On Oct. 11, after tallying numerous calls for service that EPD officers had handled at Whalen’s business in the previous several weeks, Smith arrested Whalen and charged him with the same two offenses he is facing in his most recent case. The investigator also filed drug charges against Whalen, who allegedly possessed heroin/fentanyl, morphine and two prescription painkillers at the time of his arrest, court records show. Whalen is awaiting trial in those criminal cases.

In this latest criminal case, the statement of probable cause submitted by Smith indicates that the 26 calls for service at Whalen’s storage facility occurred from Oct. 9 — two days before his arrest in the first case — to Nov. 26, the day that Smith arrested Whalen in the second criminal case, court records show.

Each call for service listed in court records includes a date, time and a synopsis of the incident.
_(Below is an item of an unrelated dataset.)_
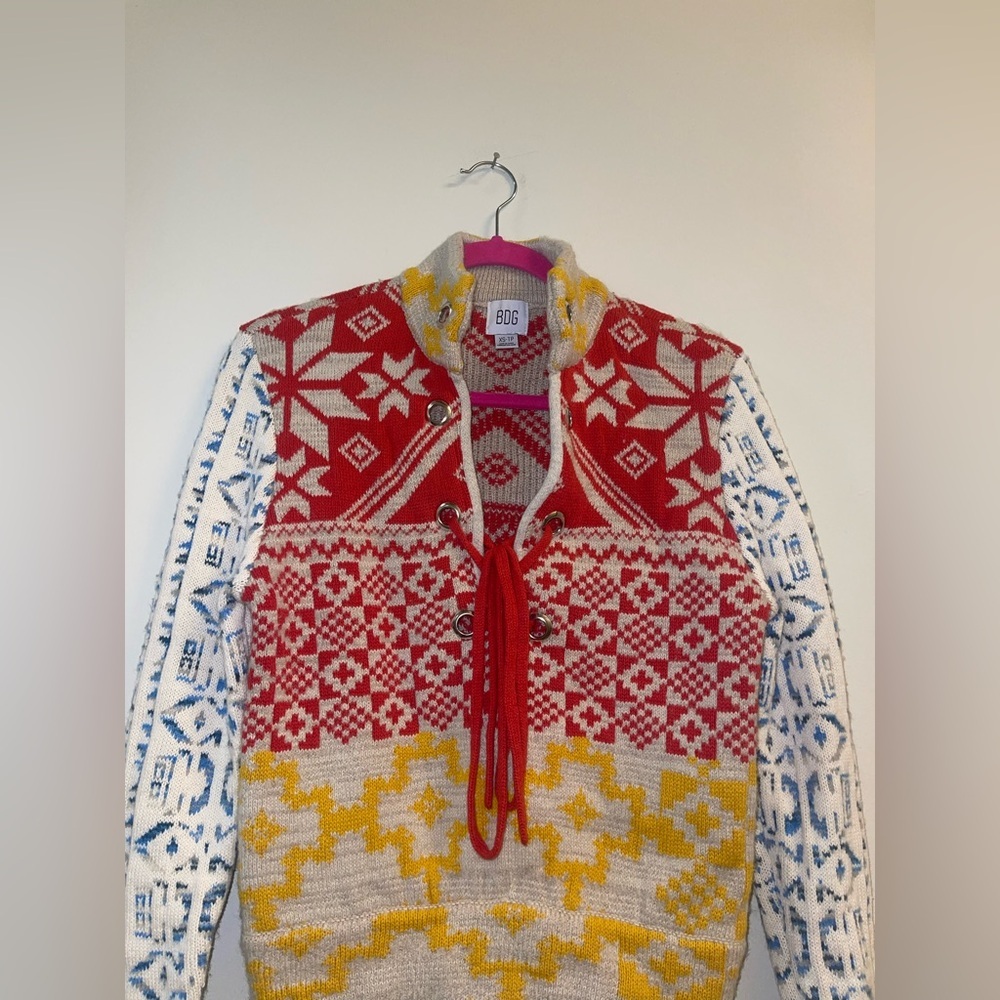 BDG Rian Lace-Up Sweater size xs - Picture 8 of 11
Court records indicate, for example, that EPD officers responded to an area across the street from Whalen’s Mini Storage shortly before 2 a.m. Oct. 13 for a call regarding a stabbing. “The individual arrested for the stabbing was an individual already identified as living at Whalen’s and arrested for crimes at Whalen’s,” court records allege.

The list of calls for service includes an Oct. 24 burglary complaint in which $7,880 in property was stolen from a storage unit there.

“The investigation led to the arrest of two individuals who had already been identified as renting a storage unit for use as a residence at Whalen’s,” court records allege.

Smith noted in charging documents, “There are no residential structures on the property and it is not zoned for such use.”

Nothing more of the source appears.